Molded interconnect devices are typically manufactured in these technologies:

=== Laser Direct Structuring (LDS) ===
The LDS process uses a thermoplastic material, doped with a (non-conductive) metallic inorganic compound activated by means of laser. The basic component is single-component injection molded, with practically no restrictions in terms of 3D design freedom. A laser then writes the course of the later circuit trace on the plastic. Where the laser beam hits the plastic the metal additive forms a micro-rough track. The metal particles of this track form the nuclei for the subsequent metallization. In an electroless copper bath, the conductor path layers arise precisely on these tracks.

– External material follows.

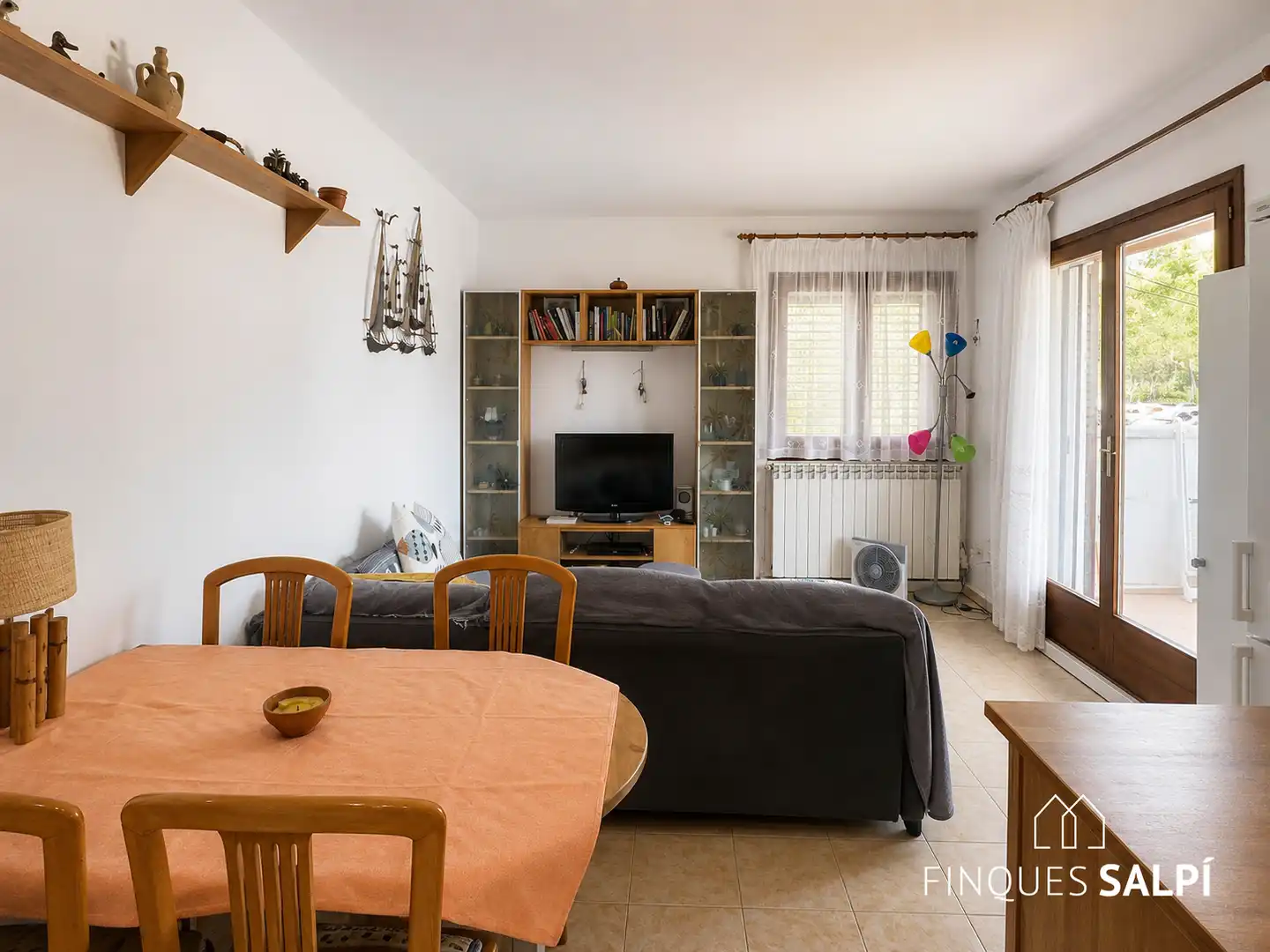 Wohnzimmer von Wohnungen zum Verkauf in L'Escala mit Terrasse, Abstellraum und Möbliert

Successively layers of copper, nickel and gold finish can be raised in this way.

The LDS process is characterized by:
- single-component injection molding
- a wide range of materials is available
- full three-dimensionality in a sphere
- flexibility: for a changed routing of traces, only new control data have to be transmitted to the laser unit. Thus different functional components can be produced from one basic unit
- precision: finest conductor pathes with a width of < 80 µm are possible
- prototyping: available LDS-coating of any part enables test specimen

Laser Direct Structuring was invented at Hochschule Ostwestfalen-Lippe, University of Applied Sciences in Lemgo, Germany, from 1997 until 2001. LDS technology was developed in a research cooperation with the former LPKF Limited, patented by the inventors and first exclusively licensed to LPKF. In 2002 the patents concerning LDS technology were transferred to LPKF Laser & Electronics AG.

The major drawbacks of LDS are the need for the expensive metallic inorganic compound for the entire mold, the necessity for a chemical plating process, a very rough surface of the plated layer making connectors difficult to achieve. The created circuitry usually is limited to only one layer of wiring without crosses.

=== Printed Electronics ===
Selective metallization can be achieved by printing of conductive traces (Printed Electronics) onto the surface of the thermoplastic part. Aerosol jet, inkjet, or screen printing may be used, whereas aerosol jet printing delivers the most reliable results on an arbitrary shaped mold.

The main advantages to PE include:

- any polymer can be used for injection molding
- no metallic inorganic compound is necessary, which reduces cost
- large variety of conductive coating materials including silver, copper, gold, platinum, graphite, and conductive polymers
- thickness can be tightly controlled
- direct deposition without plating possible
- more complex circuitry possible as isolation layers, dielectrics, and other materials can be deposited in multiple layers
- higher line precision of down to 10 µm
- higher surface smoothness

Currently, printed electronics is still a research and development area but an increasing number of companies start production of smart phone antennas and substitute LDS on other injection-molded parts.

The major drawback is a low level of standardization because of the versatility of the technique.

=== Two-shot molding ===
Two-shot molding is an injection molding process using two different resins and only one of the two resins is platable. Typically the platable substrate is ABS and the non-platable substrate is polycarbonate. In a two shot component, these are then submitted to an electroless plating process where the butadiene is used to chemically roughen the surface and allow adhesion of a copper primary layer. The plating chemistry can be controlled to prevent the roughening of the polycarbonate portions of the component. While not commonly found outside of cellphone antenna production, this technology is public and widely available.